**Extracted information**:
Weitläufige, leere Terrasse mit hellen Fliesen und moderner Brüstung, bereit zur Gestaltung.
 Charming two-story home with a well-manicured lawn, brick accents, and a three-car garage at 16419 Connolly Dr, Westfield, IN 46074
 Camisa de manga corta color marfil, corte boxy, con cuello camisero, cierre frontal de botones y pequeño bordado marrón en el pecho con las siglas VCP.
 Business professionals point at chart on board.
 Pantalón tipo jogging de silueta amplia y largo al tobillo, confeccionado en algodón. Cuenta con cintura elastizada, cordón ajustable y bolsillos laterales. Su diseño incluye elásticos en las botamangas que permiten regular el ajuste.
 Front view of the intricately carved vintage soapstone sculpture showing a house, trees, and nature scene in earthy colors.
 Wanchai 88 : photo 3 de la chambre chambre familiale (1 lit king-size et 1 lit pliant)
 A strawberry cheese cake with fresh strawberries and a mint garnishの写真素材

**Problem description**: Exactly as they stand, please print the lines from the first line of the records above down to the line that includes "Business professionals point", both of those included and no others.

**Reply to the task**:
Weitläufige, leere Terrasse mit hellen Fliesen und moderner Brüstung, bereit zur Gestaltung.
 Charming two-story home with a well-manicured lawn, brick accents, and a three-car garage at 16419 Connolly Dr, Westfield, IN 46074
 Camisa de manga corta color marfil, corte boxy, con cuello camisero, cierre frontal de botones y pequeño bordado marrón en el pecho con las siglas VCP.
 Business professionals point at chart on board.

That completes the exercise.